**EXERCISE DETAILS**
When you reach the line that contains "VT license plate ZZQ278", set down that line and every one after it through the end of the records, exactly as written and with no pictures.

(Crawled caption data)
:::

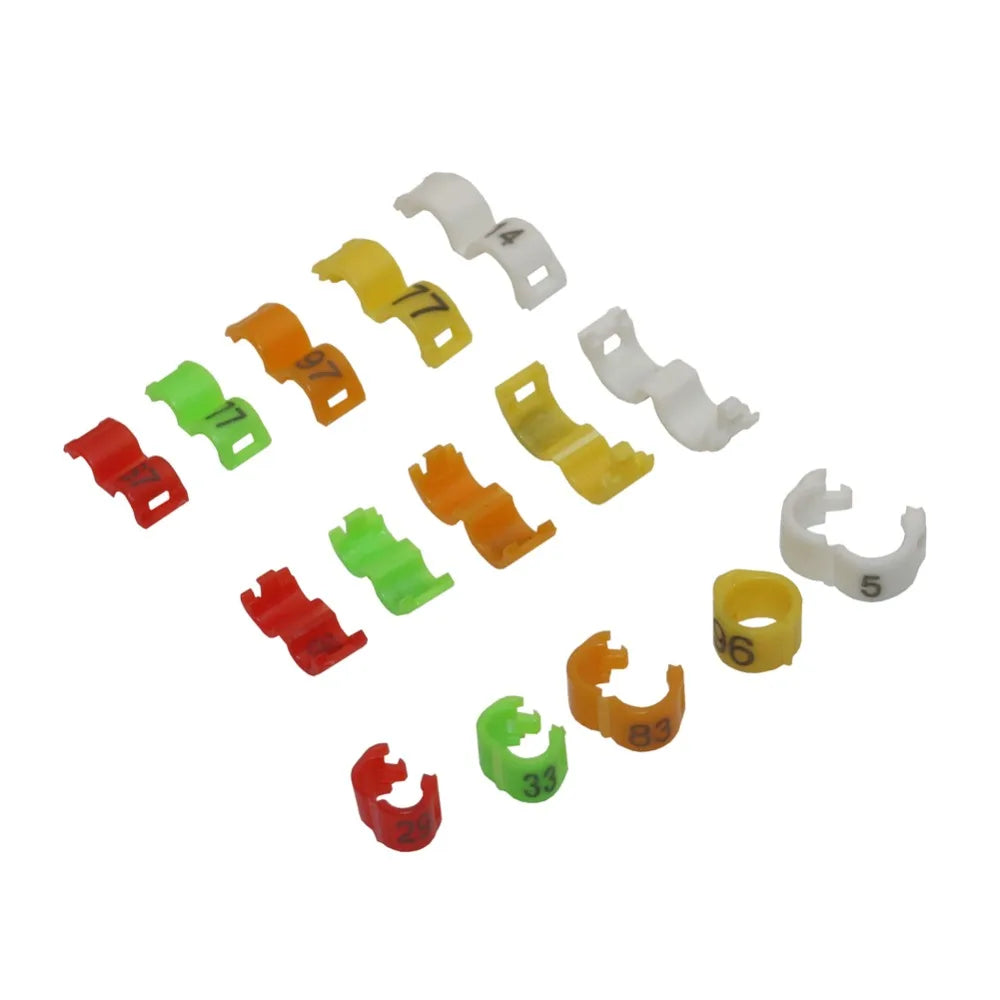 100 Pcs / lot Bird clip ring 2.7mm 3mm 4mm 4.5mm 5mm Plastic foot rings Colorful birds, Acacia birds pigeon All kinds of bird fo
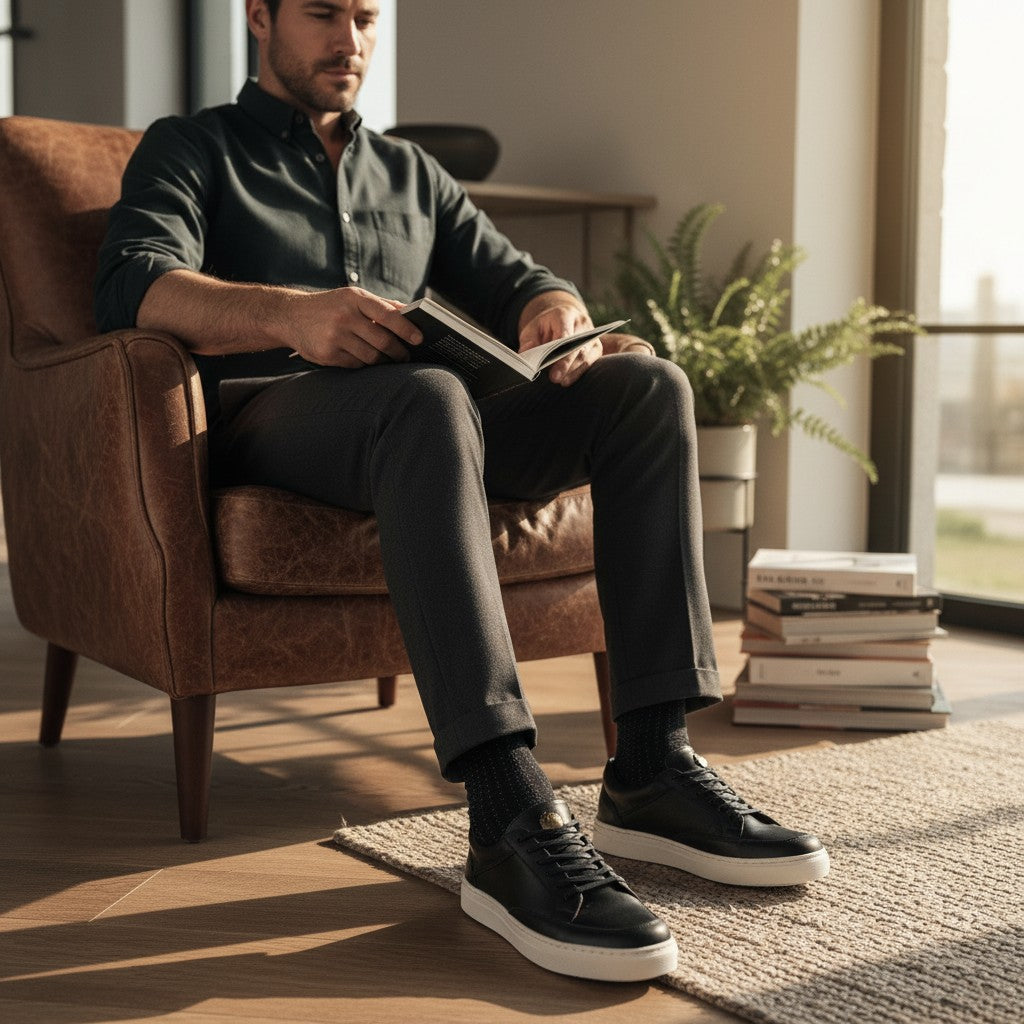 Zapatilla OLKI La Campana negra de cuero con planta blanca y forro burdeos. Diseño urbano y minimalista.
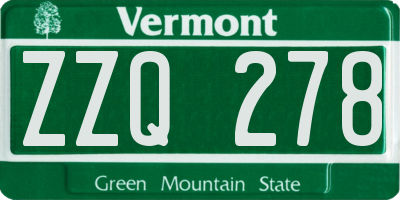 VT license plate ZZQ278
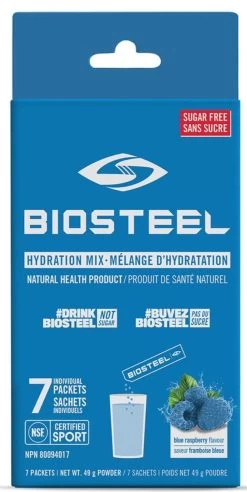 BioSteel High-Performance Sports Hydration Mix (7 Count) 9 BioSteel High-Performance Sports Hydration Mix (7 Count) -Hockey Equipment Store 630614 CAN 20Biosteel Hydration 20Mix Blue 20Raspberry 7CT Front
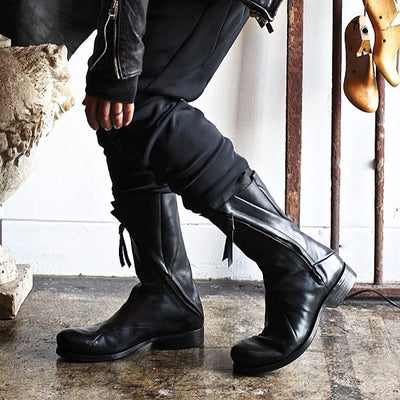 Botas de Cuero Deconstruidas Irregulares Estilo Retro para Hombre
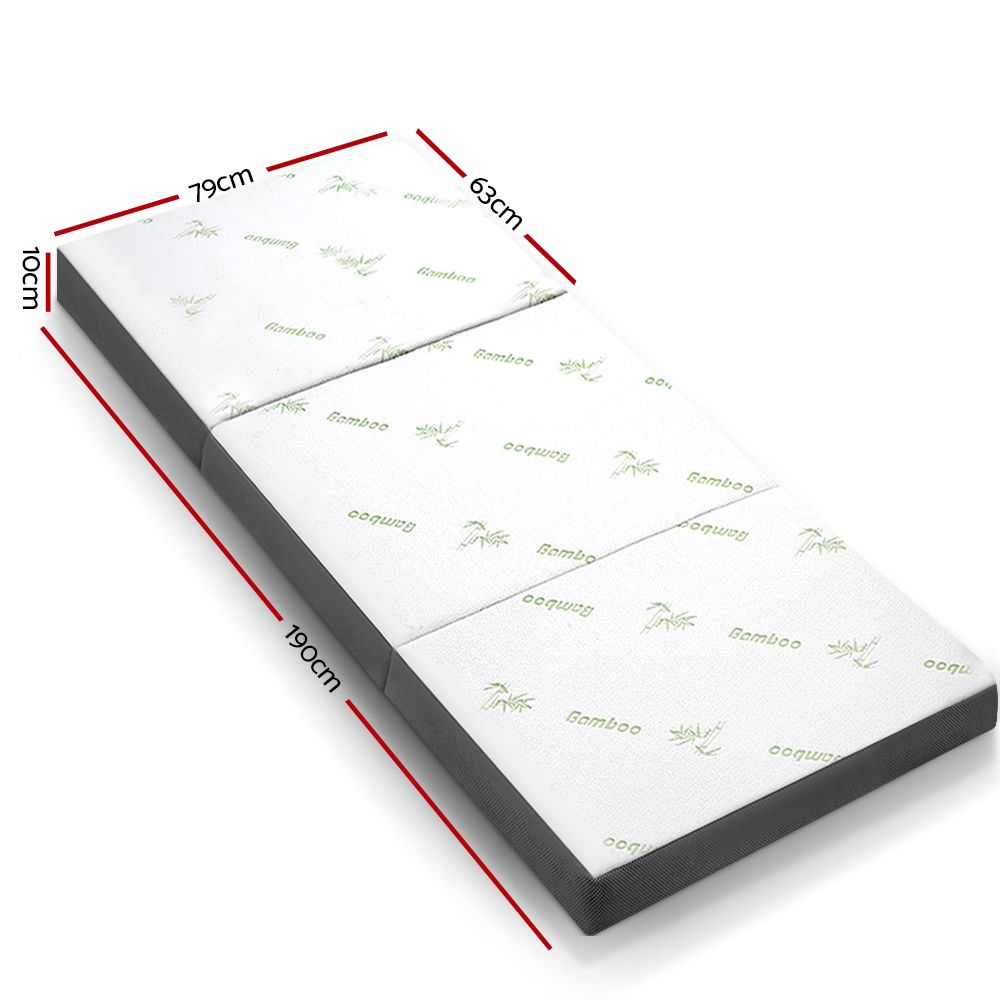 Foldable single mattress with bamboo-pattern top and dark gray edges, angled view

:::

**RESULT FOR THIS TASK**
 VT license plate ZZQ278
 BioSteel High-Performance Sports Hydration Mix (7 Count) 9 BioSteel High-Performance Sports Hydration Mix (7 Count) -Hockey Equipment Store 630614 CAN 20Biosteel Hydration 20Mix Blue 20Raspberry 7CT Front
 Botas de Cuero Deconstruidas Irregulares Estilo Retro para Hombre
 Foldable single mattress with bamboo-pattern top and dark gray edges, angled view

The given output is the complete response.